▸ Task statement: Give back an exact copy of the lines in the records below, from the line that has "phụ kiện cửa nhôm xingfa" through the line that has "Glue Essence Fix False nails-0", and nothing besides.

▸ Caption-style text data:
━━━━━━━━
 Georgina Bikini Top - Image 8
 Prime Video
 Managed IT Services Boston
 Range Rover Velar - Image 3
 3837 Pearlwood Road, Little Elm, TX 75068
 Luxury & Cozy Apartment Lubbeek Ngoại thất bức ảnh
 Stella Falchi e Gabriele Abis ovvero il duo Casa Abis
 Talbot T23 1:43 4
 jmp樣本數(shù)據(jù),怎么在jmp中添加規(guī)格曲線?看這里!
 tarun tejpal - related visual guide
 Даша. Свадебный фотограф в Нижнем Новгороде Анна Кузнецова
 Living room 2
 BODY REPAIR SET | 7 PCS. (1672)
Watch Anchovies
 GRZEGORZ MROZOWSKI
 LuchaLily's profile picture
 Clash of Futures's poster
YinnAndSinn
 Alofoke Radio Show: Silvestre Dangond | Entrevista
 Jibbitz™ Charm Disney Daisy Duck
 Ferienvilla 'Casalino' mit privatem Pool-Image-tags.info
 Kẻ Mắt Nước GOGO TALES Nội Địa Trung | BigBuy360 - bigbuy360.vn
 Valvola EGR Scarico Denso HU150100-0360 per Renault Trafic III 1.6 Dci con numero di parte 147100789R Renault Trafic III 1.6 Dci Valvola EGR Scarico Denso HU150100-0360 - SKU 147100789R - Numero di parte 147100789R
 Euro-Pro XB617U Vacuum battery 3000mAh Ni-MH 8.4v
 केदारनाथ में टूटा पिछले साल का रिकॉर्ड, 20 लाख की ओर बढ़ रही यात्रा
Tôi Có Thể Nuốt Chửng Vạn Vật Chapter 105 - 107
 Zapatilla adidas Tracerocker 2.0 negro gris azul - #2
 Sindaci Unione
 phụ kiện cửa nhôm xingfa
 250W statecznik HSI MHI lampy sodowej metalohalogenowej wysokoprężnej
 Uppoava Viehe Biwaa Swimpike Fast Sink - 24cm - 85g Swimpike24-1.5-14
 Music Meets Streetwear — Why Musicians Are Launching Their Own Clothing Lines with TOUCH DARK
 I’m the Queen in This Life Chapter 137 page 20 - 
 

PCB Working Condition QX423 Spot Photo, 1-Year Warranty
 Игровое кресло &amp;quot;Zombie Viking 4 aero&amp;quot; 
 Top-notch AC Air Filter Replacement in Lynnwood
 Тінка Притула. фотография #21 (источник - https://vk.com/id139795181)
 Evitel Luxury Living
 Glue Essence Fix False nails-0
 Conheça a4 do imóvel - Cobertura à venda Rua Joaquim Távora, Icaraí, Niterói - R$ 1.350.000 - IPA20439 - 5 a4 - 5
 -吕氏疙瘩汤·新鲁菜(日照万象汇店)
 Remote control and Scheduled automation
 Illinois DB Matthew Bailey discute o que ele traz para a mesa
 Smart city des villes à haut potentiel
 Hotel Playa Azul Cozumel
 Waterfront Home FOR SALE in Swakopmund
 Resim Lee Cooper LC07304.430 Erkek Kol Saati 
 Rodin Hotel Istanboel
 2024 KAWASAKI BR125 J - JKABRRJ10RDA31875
━━━━━━━━
▸ Answer section:
 phụ kiện cửa nhôm xingfa
 250W statecznik HSI MHI lampy sodowej metalohalogenowej wysokoprężnej
 Uppoava Viehe Biwaa Swimpike Fast Sink - 24cm - 85g Swimpike24-1.5-14
 Music Meets Streetwear — Why Musicians Are Launching Their Own Clothing Lines with TOUCH DARK
 I’m the Queen in This Life Chapter 137 page 20 - 
 

PCB Working Condition QX423 Spot Photo, 1-Year Warranty
 Игровое кресло &amp;quot;Zombie Viking 4 aero&amp;quot; 
 Top-notch AC Air Filter Replacement in Lynnwood
 Тінка Притула. фотография #21 (источник - https://vk.com/id139795181)
 Evitel Luxury Living
 Glue Essence Fix False nails-0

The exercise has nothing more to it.